§ **Data extract**
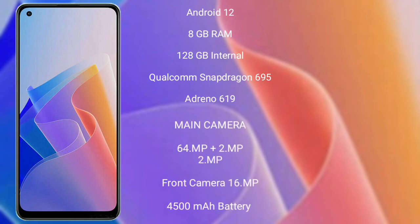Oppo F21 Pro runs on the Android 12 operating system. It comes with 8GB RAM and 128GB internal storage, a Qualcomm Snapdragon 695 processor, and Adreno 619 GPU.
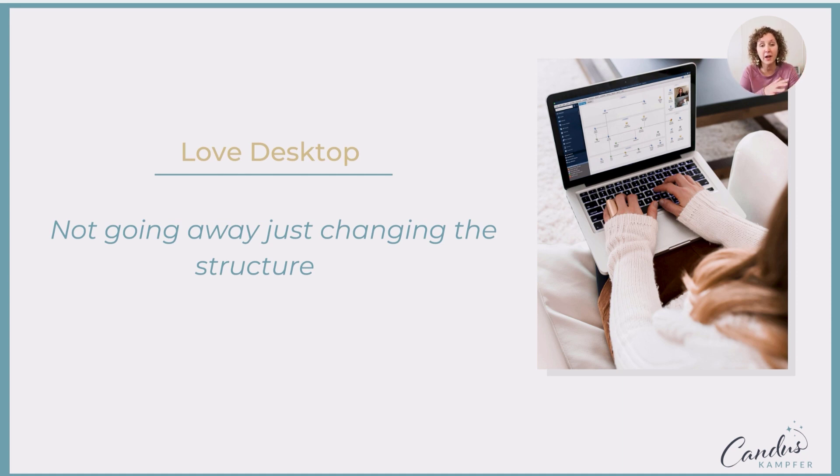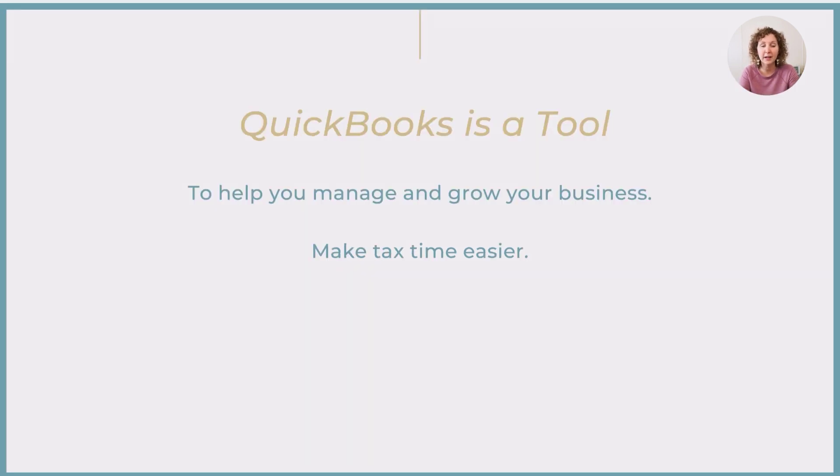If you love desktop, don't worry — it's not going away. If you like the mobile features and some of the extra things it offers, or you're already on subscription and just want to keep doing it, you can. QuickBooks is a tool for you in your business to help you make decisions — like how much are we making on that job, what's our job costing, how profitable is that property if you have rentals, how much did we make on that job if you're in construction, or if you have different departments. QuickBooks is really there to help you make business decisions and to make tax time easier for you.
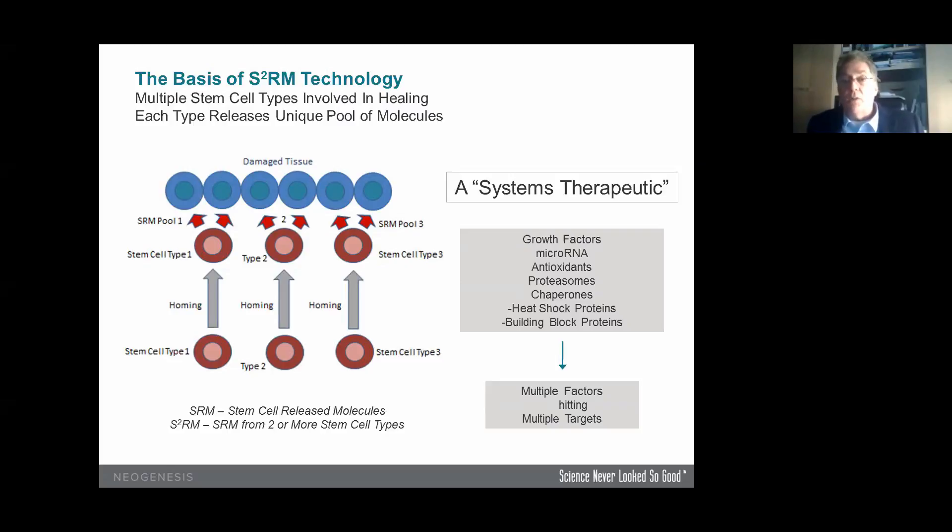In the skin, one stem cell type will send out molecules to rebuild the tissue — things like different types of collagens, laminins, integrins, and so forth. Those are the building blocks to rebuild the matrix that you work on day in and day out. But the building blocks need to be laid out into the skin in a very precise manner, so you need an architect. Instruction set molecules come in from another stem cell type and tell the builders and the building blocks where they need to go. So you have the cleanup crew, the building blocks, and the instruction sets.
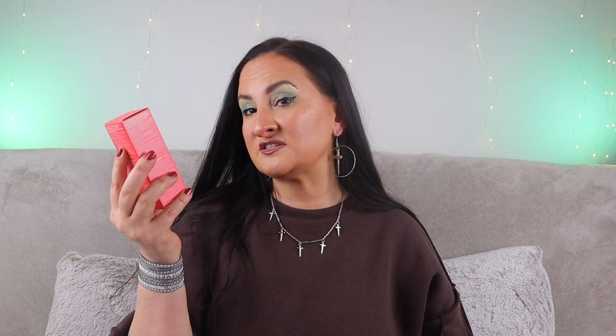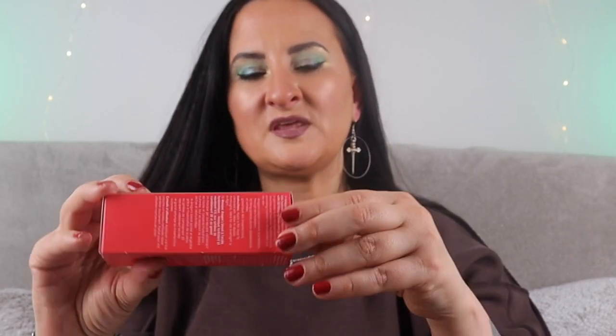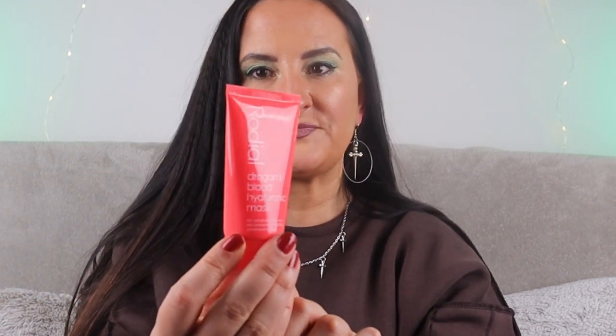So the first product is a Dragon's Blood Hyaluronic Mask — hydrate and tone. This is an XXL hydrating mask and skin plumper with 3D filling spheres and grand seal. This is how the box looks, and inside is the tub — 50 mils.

§ **Task statement**
The job is to set down the whole listing exactly, excluding any images.

§ **Solution for this exercise**
Oppo F21 Pro runs on the Android 12 operating system. It comes with 8GB RAM and 128GB internal storage, a Qualcomm Snapdragon 695 processor, and Adreno 619 GPU.
If you love desktop, don't worry — it's not going away. If you like the mobile features and some of the extra things it offers, or you're already on subscription and just want to keep doing it, you can. QuickBooks is a tool for you in your business to help you make decisions — like how much are we making on that job, what's our job costing, how profitable is that property if you have rentals, how much did we make on that job if you're in construction, or if you have different departments. QuickBooks is really there to help you make business decisions and to make tax time easier for you.
In the skin, one stem cell type will send out molecules to rebuild the tissue — things like different types of collagens, laminins, integrins, and so forth. Those are the building blocks to rebuild the matrix that you work on day in and day out. But the building blocks need to be laid out into the skin in a very precise manner, so you need an architect. Instruction set molecules come in from another stem cell type and tell the builders and the building blocks where they need to go. So you have the cleanup crew, the building blocks, and the instruction sets.
So the first product is a Dragon's Blood Hyaluronic Mask — hydrate and tone. This is an XXL hydrating mask and skin plumper with 3D filling spheres and grand seal. This is how the box looks, and inside is the tub — 50 mils.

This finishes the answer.